Wednesday, January 30, 2019

A Reader's Take on Ancestry.com Problems - Part II - Ancestry Search Engine Problems

In response to Dear Ancestry.com: Are You Fixing These Problems? (posted 17 January 2019), I received 38 comments on the post, and several via email.  

One of the email correspondents was a person who has Ancestry and IT experience, and offered knowledge, experience and wisdom for users of Ancestry.com, especially on the trees and the search engines.  The comments are detailed and ring true to me based on my experience (and that of others) working on Ancestry.com.  

In this post, I want to concentrate on the search problems with Ancestry record collections because that is where some of the problems and inconsistency of results seems to occur.  


My correspondent offered this TL:DR (that is "Too Long: Didn't Read" for those wondering) summary (since the detailed comments are extensive), which I appreciate:
  • There are two different search engines - Solr and the original home-grown solution (Hints, at one point, ran on a separate search system as well). Global and Category searches are powered by Solr. Collection specific searches are powered by the home-grown system. They have different relevancy models and rules, which causes results to vary as you drill down into individual collections.
  • Ancestry has moved all services to AWS (Amazon Web Services) - there are growing pains as they work with that system, but I am confident they will get it right.
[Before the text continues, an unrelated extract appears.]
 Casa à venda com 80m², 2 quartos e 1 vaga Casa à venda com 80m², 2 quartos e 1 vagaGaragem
A)  Two Different Search Engines, and the side effects

It is no secret that Ancestry has moved its systems to the cloud - see https://www.businesswire.com/news/home/20170608006326/en/Ancestry-All-in-AWS for an announcement from 2017, when they were in the middle of the migration. 
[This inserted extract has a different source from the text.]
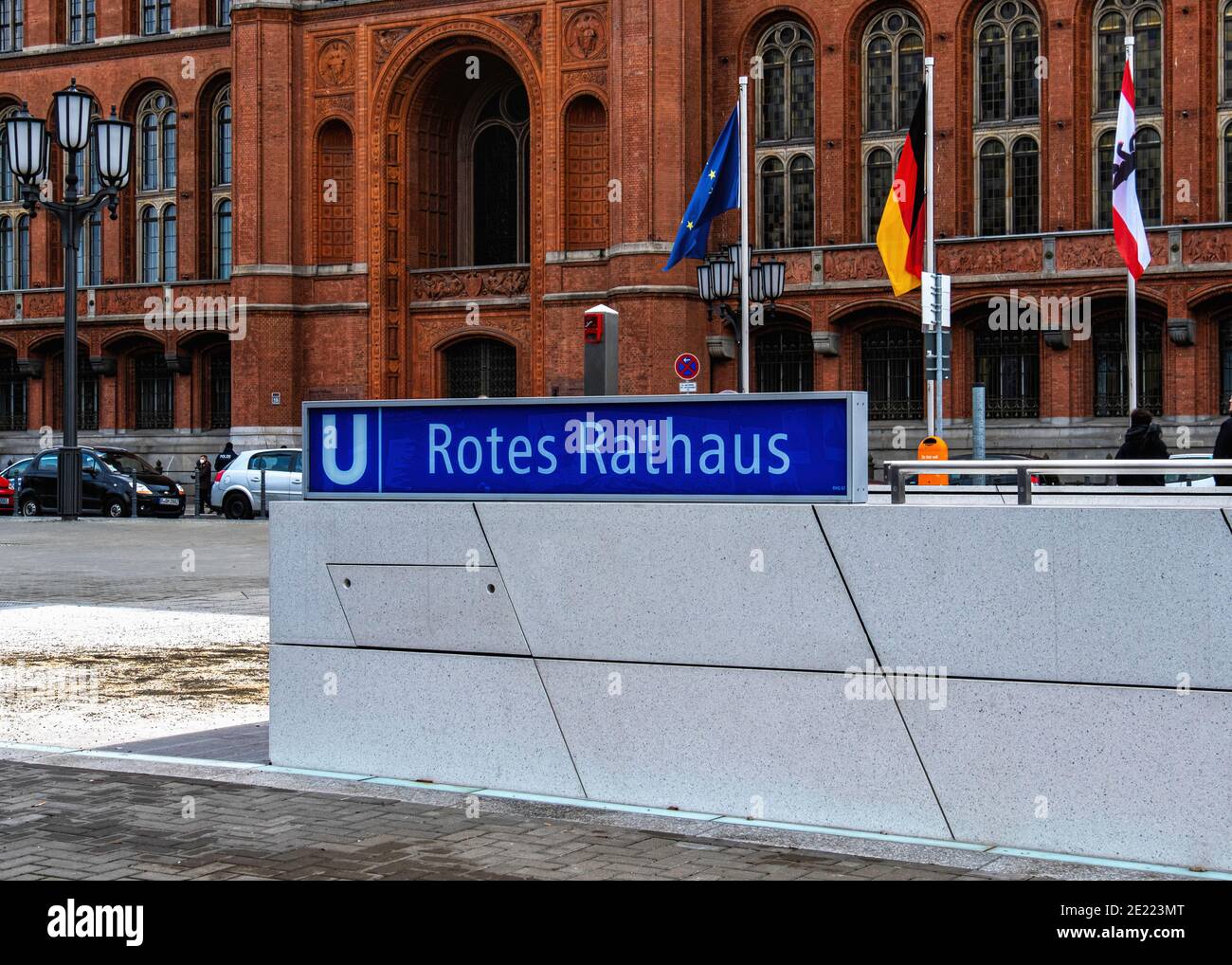 Alexanderplatz, Berlin-Mitte, Deutschland 10. Januar 2021. Neuer U-Bahnhof Rotes Rathaus Erweiterung der U5-Linie vor dem Rathaus am 4. Dezember 2020 eröffnet. Die Linie U5 fährt nun von Hönow zum Hauptbahnhof. Der Bahnhof wurde von Architekt Oliver Collignon entworfen und unter der Rathausstraße direkt vor dem Berliner Rathaus errichtet. Die Station hat zwei Ebenen. Die obere Ebene dient der U5-Linie und die untere Ebene ist ein Bahnlager mit 4 Gleisen, der später genutzt werden kann, wenn entweder die U3- oder U10-Projekte zum Potsdamer Platz realisiert werden. Der Bahnhofskontra Stockfoto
Part of the cloud migration plan was to get all of Search powered by Solr. They also hired several Solr experts and engineers (check some of the old job postings). Because of this plan, there was no appetite for moving the home-grown system to the cloud. Ancestry had already proven that Solr could power a search experience by using it in the Ancestry Mobile App, which searched a subset of the collections, and the Solr team was certain they could get the rest of the collections indexed and make them available.

They were right. But what they have not yet been able to do is index everything the way that the home-grown system did.

First, remember that the home-grown search engine indexed content sets into "collections." The "1940 US Census" is a self-contained collection. The "England, Select Births and Christenings" are a self-contained collection. Every item that you see in the Card Catalog is a separate collection with its own index. The home-grown search engine could query these collections individually or in sets (like all "Census Collections") or in a universal set (global search).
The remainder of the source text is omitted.